I don't have a good natural head for history--I tend to get easily bogged down in details and lose track of who's who, where, what, and other essentials. McCullough may be my favorite historian because he essentially solves these issues for me, and seems to view the story and essential lessons it provides as the primary purpose in sharing a history.
For historical purists, no fear: McCollough has all the scholarship and hard data your heart may desire; his talent seems to be that he includes all that without making it the main focus. After reading/listening to this book, I'm eager to listen to it again and actually learn some of the harder data--which indicates, I think, that McCullough is also a master teacher. I keep wondering: Did I learn any of this in school? (I am forgetful, so I can't entirely blame my former teachers), but I do know that I have never appreciated the struggle and heroic significance of the Revolutionary War: like too many of my peers, I thought the Revolution was a rather distant part of American history that "just happened" and "oh, yeah, from which we all benefited." I will never view history in this lackadaisical manner again.
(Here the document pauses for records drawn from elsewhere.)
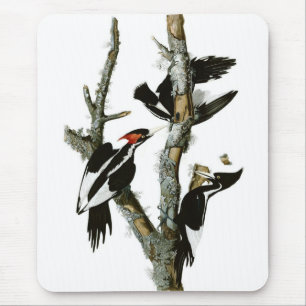 Elfenbeinspecht von Audubon Mousepad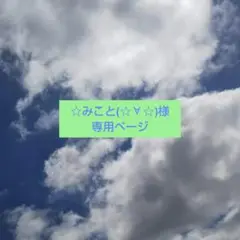 ☆みこと(☆∀☆)様 リクエスト 2点 まとめ商品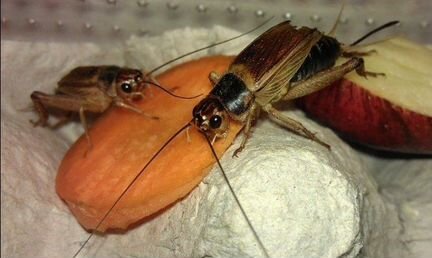 Кормовые насекомые (опт)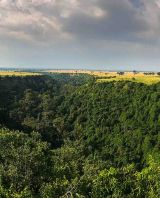 Explore the magical Valley of Apes! Chimps &amp; monkeys await. Start your primate journey here: queenelizabethnationalparkuganda.com/attractions/ky… #kyamburagorge #kyamburagorgeinqueenelizabethpark #chimpanzeesinkyamburagorge #chimpanzeetrekkinginkyamburagorge #queenelizabethnastionalpark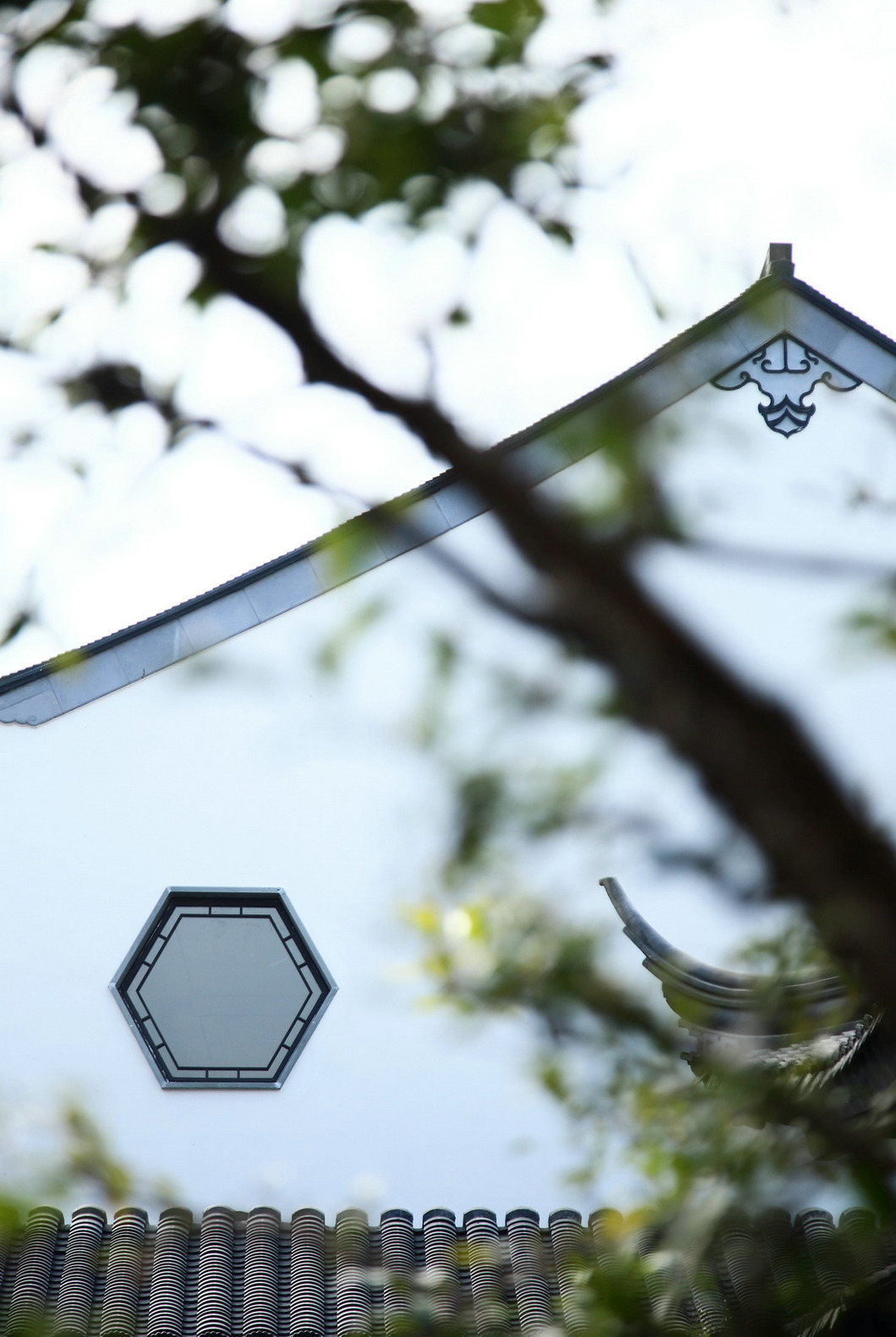 安德湖颐乐学院-18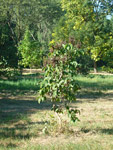 Arboretum de l'Ecole du Breuil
This book left me wishing for "1777". It is a great novel by a great writer that captivates the imagination of the history buff in me. Lots of behind the scenes detail that the average person does not consider when remembering the founding of the U.S.A.
I read Washington's Crossing before reading 1776. 1776 reads like an Abridged version of Washington's Crossing. A solid read about a critical period of this country's history. For those looking for a general overview of the time period this book is perfect. For those looking for a detailed account of the period I would suggest Washington's Crossing as well. There were some interesting details that 1776 included that I didn't get in Washington's Crossing. Perhaps the most interesting was Washington's meeting with the British 2nd in command shortly before the start of the New York campaign. I surely wish I could have been present at that meeting. Hearing the account in the book, you feel like the air could have been cut with a knife.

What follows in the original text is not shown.